> **PROBLEM TO SOLVE**
Once the line with "Minimal Markiz Turkuaz Taşlı Küpe" is found in the data, output it and each following line exactly, up to and including the line with "Toyota Corolla Cross — фото 17", and nothing before or after.

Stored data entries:
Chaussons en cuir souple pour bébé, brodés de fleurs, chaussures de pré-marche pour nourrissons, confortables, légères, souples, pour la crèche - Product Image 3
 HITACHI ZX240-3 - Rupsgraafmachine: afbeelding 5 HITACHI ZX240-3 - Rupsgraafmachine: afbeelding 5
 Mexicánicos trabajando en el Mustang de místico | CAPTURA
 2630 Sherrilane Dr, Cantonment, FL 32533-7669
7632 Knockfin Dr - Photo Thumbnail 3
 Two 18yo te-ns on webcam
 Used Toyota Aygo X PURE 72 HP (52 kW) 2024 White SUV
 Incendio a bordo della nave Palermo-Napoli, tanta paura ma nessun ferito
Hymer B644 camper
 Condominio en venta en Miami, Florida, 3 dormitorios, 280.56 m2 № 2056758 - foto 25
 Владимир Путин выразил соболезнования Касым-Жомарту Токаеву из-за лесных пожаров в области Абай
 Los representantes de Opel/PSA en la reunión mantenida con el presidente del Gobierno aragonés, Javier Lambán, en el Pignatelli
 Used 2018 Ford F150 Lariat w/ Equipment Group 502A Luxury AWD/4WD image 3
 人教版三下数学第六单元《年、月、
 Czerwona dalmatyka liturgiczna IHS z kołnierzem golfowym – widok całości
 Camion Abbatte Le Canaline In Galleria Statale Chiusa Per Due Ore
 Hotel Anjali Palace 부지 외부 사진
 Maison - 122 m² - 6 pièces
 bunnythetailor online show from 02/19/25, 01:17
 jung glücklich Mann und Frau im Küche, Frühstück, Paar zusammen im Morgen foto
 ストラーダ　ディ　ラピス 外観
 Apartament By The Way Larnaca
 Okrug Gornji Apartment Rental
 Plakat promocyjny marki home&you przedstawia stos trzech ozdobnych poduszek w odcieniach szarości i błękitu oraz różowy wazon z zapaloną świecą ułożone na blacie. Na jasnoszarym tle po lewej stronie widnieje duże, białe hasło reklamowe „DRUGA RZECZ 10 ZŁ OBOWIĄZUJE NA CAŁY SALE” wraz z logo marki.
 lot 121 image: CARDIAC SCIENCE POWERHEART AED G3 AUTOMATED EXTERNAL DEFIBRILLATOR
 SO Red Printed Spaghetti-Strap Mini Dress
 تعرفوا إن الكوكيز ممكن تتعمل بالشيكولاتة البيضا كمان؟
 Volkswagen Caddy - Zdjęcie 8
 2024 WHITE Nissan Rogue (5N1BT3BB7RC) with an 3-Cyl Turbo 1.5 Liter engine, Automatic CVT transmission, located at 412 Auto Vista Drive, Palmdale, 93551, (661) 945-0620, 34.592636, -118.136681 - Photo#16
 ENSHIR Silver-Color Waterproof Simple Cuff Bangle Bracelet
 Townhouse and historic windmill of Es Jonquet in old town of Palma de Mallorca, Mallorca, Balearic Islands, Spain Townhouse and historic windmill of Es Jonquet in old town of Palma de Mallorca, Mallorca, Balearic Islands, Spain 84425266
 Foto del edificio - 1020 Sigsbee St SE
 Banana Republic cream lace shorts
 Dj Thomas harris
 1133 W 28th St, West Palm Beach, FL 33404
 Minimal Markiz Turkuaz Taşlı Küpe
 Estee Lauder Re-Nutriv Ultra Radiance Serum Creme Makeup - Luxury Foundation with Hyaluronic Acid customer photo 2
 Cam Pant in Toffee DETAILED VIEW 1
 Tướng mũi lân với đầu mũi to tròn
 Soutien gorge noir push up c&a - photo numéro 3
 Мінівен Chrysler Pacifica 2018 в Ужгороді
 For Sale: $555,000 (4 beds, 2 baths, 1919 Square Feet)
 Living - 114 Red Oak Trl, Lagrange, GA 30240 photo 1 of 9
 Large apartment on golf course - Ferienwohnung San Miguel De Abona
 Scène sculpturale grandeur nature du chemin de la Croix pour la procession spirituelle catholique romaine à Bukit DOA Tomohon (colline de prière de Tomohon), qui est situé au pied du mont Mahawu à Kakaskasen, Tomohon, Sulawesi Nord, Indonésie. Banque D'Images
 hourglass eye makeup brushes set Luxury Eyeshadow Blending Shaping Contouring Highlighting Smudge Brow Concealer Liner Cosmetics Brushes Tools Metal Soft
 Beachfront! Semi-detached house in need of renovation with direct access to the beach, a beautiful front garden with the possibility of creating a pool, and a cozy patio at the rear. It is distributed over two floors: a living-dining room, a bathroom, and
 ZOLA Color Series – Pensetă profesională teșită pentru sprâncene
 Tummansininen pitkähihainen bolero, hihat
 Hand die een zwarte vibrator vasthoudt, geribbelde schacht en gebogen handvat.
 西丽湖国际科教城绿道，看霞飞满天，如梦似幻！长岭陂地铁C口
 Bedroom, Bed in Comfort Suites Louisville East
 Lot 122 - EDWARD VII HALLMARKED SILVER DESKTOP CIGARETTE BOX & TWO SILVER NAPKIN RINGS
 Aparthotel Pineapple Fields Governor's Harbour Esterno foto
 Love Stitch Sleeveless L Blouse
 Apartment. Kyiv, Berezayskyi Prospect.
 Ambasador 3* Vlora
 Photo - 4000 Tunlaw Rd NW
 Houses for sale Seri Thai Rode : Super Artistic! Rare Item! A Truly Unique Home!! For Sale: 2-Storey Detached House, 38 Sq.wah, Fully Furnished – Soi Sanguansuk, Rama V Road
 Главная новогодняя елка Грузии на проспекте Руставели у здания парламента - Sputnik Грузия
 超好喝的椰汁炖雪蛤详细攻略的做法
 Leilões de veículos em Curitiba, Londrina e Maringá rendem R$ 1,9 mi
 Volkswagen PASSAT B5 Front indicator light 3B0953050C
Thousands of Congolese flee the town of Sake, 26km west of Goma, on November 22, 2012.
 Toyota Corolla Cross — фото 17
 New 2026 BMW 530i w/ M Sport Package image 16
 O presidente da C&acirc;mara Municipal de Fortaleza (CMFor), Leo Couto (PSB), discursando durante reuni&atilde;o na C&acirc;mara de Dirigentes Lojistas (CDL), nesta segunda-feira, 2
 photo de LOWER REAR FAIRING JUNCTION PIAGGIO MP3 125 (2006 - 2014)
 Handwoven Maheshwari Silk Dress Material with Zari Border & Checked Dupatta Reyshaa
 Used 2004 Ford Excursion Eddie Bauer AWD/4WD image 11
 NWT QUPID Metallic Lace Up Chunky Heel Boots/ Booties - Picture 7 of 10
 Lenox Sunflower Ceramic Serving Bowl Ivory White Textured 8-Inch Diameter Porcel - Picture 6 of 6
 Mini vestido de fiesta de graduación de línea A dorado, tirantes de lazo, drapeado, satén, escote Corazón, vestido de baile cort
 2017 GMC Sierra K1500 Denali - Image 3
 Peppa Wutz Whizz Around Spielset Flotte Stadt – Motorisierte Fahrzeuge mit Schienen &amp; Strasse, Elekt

> **RESULT FOR THIS EXERCISE**
 Minimal Markiz Turkuaz Taşlı Küpe
 Estee Lauder Re-Nutriv Ultra Radiance Serum Creme Makeup - Luxury Foundation with Hyaluronic Acid customer photo 2
 Cam Pant in Toffee DETAILED VIEW 1
 Tướng mũi lân với đầu mũi to tròn
 Soutien gorge noir push up c&a - photo numéro 3
 Мінівен Chrysler Pacifica 2018 в Ужгороді
 For Sale: $555,000 (4 beds, 2 baths, 1919 Square Feet)
 Living - 114 Red Oak Trl, Lagrange, GA 30240 photo 1 of 9
 Large apartment on golf course - Ferienwohnung San Miguel De Abona
 Scène sculpturale grandeur nature du chemin de la Croix pour la procession spirituelle catholique romaine à Bukit DOA Tomohon (colline de prière de Tomohon), qui est situé au pied du mont Mahawu à Kakaskasen, Tomohon, Sulawesi Nord, Indonésie. Banque D'Images
 hourglass eye makeup brushes set Luxury Eyeshadow Blending Shaping Contouring Highlighting Smudge Brow Concealer Liner Cosmetics Brushes Tools Metal Soft
 Beachfront! Semi-detached house in need of renovation with direct access to the beach, a beautiful front garden with the possibility of creating a pool, and a cozy patio at the rear. It is distributed over two floors: a living-dining room, a bathroom, and
 ZOLA Color Series – Pensetă profesională teșită pentru sprâncene
 Tummansininen pitkähihainen bolero, hihat
 Hand die een zwarte vibrator vasthoudt, geribbelde schacht en gebogen handvat.
 西丽湖国际科教城绿道，看霞飞满天，如梦似幻！长岭陂地铁C口
 Bedroom, Bed in Comfort Suites Louisville East
 Lot 122 - EDWARD VII HALLMARKED SILVER DESKTOP CIGARETTE BOX & TWO SILVER NAPKIN RINGS
 Aparthotel Pineapple Fields Governor's Harbour Esterno foto
 Love Stitch Sleeveless L Blouse
 Apartment. Kyiv, Berezayskyi Prospect.
 Ambasador 3* Vlora
 Photo - 4000 Tunlaw Rd NW
 Houses for sale Seri Thai Rode : Super Artistic! Rare Item! A Truly Unique Home!! For Sale: 2-Storey Detached House, 38 Sq.wah, Fully Furnished – Soi Sanguansuk, Rama V Road
 Главная новогодняя елка Грузии на проспекте Руставели у здания парламента - Sputnik Грузия
 超好喝的椰汁炖雪蛤详细攻略的做法
 Leilões de veículos em Curitiba, Londrina e Maringá rendem R$ 1,9 mi
 Volkswagen PASSAT B5 Front indicator light 3B0953050C
Thousands of Congolese flee the town of Sake, 26km west of Goma, on November 22, 2012.
 Toyota Corolla Cross — фото 17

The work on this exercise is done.